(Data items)
________________________

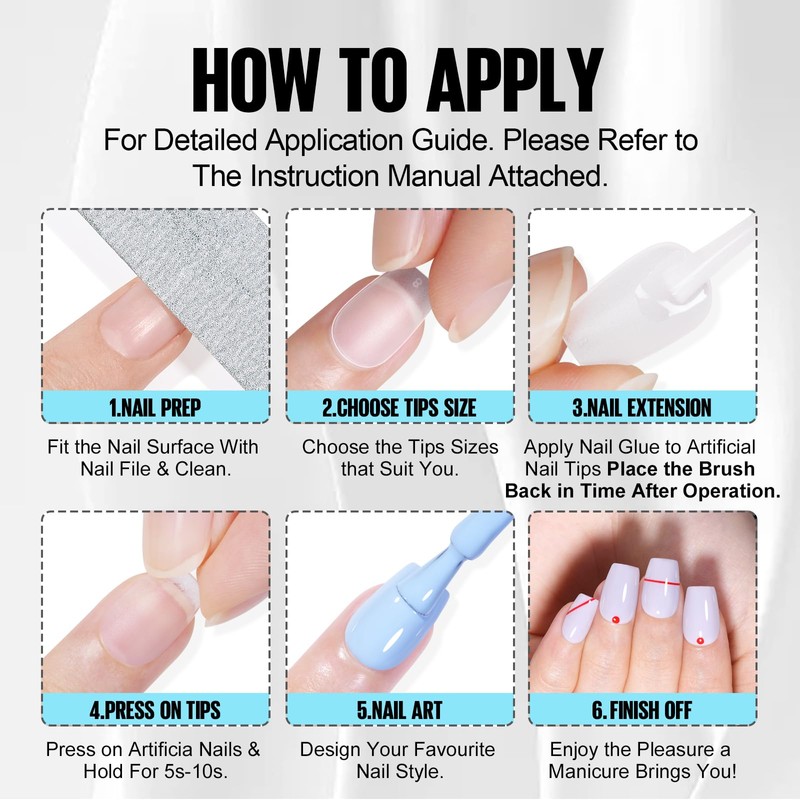 TOMICCA Nail Tips for Gel Nails with Nail Glue Set,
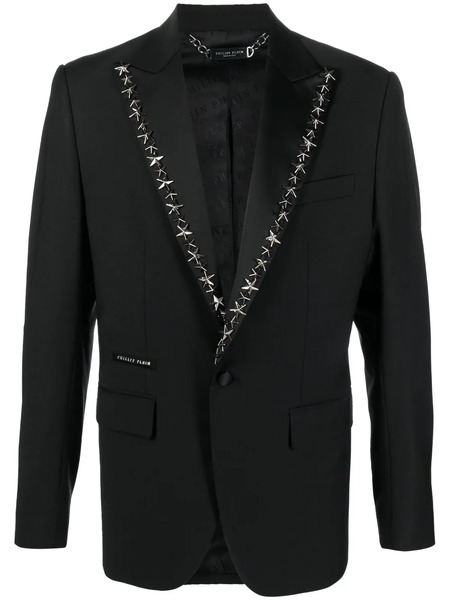  Philipp Plein Star Stud-embellished Single-breasted Blazer - Black 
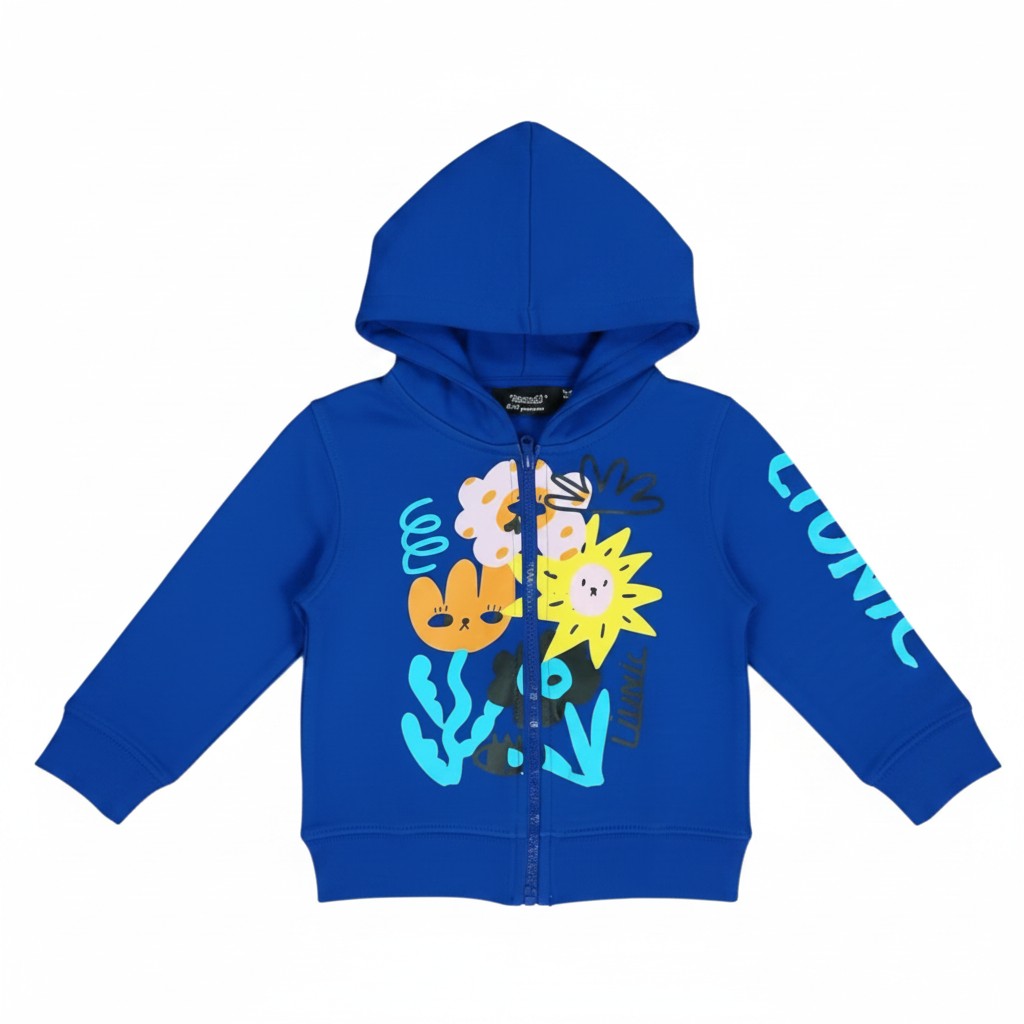 Felpa Bambini unisex Cappuccio Zip Blu Stampa Astratta 1-10 Anni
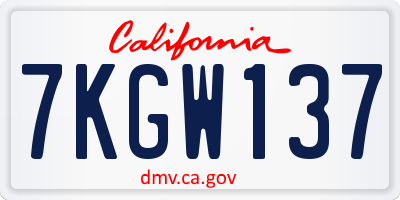 CA license plate 7KGW137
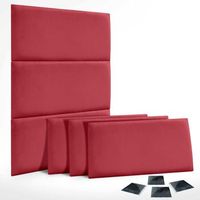 dhome juego de 6 paneles tapizados de terciopelo premium pack autoadhesivos para pared acusticos absorbentes proteccion impactos rojo 60x50cm x6
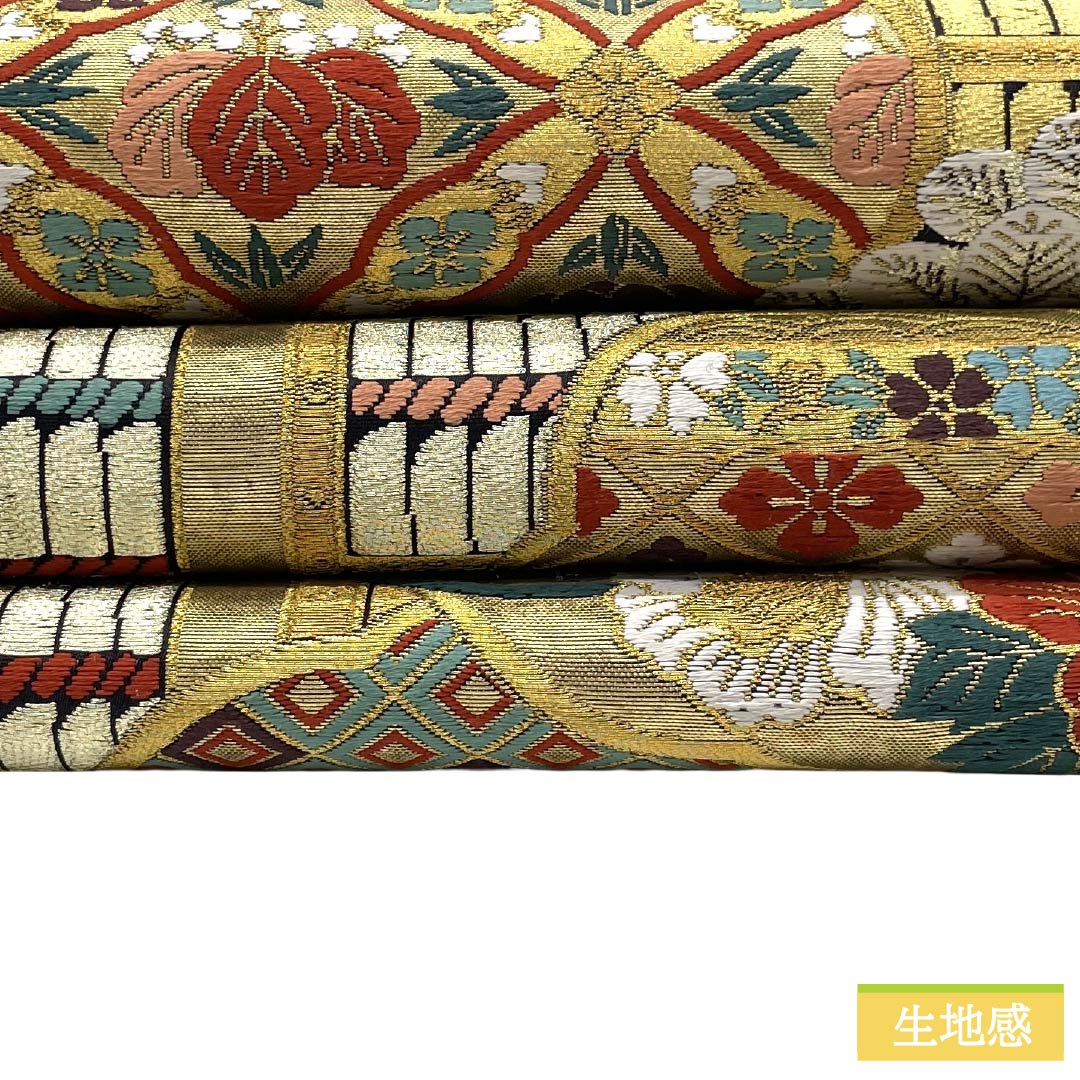 袋帯 正絹 Sランク 金色（きんいろ） 西陣織 小袖花丸文 古典柄 帯丈443cm 六通 フォーマル 金系 1123018402321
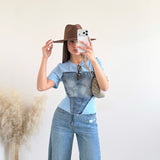 T-shirt con corpetto in jeans con lacci sul retro celeste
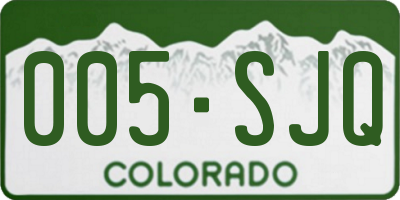 CO license plate 005SJQ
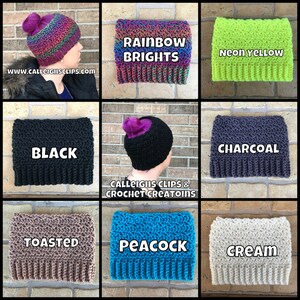 May include: Nine crocheted hats in various colors, including rainbow, neon yellow, black, charcoal, toasted, peacock, and cream. The hats are designed to be worn with a bun.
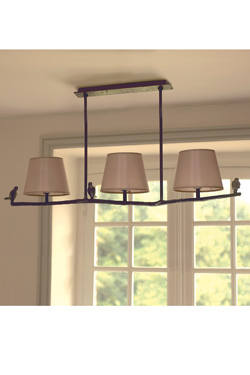 Triple bird on the branch pendant in solid bronze and white lampshades. Objet insolite. 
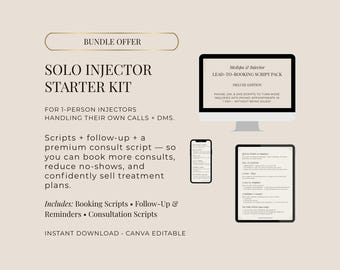 Injector Booking Scripts + Follow Up Sequence + Consultation Script Bundle | DM SMS Phone Scripts | Treatment Plan Script | Canva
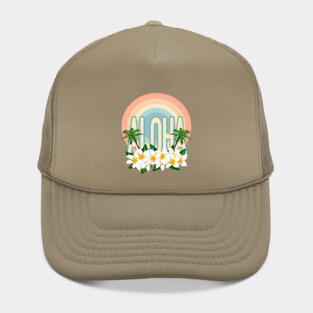 Aloha hawaiian tropical flowers Hat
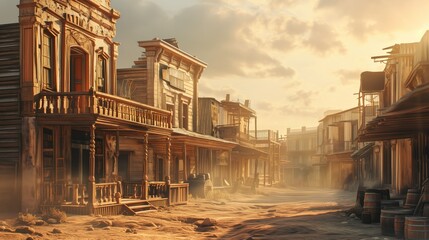 Fototapeta na wymiar Wild West. Old western town at sunset with wooden buildings and a dusty street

________________________

> [ABOUT THIS TASK] The line with "May include: Nine" marks the end: restate word for word every line from the top of the data through that one, omitting pictures.

> [TASK ANSWER]
 TOMICCA Nail Tips for Gel Nails with Nail Glue Set,
  Philipp Plein Star Stud-embellished Single-breasted Blazer - Black 
 Felpa Bambini unisex Cappuccio Zip Blu Stampa Astratta 1-10 Anni
 CA license plate 7KGW137
 dhome juego de 6 paneles tapizados de terciopelo premium pack autoadhesivos para pared acusticos absorbentes proteccion impactos rojo 60x50cm x6
 袋帯 正絹 Sランク 金色（きんいろ） 西陣織 小袖花丸文 古典柄 帯丈443cm 六通 フォーマル 金系 1123018402321
 T-shirt con corpetto in jeans con lacci sul retro celeste
 CO license plate 005SJQ
 May include: Nine crocheted hats in various colors, including rainbow, neon yellow, black, charcoal, toasted, peacock, and cream. The hats are designed to be worn with a bun.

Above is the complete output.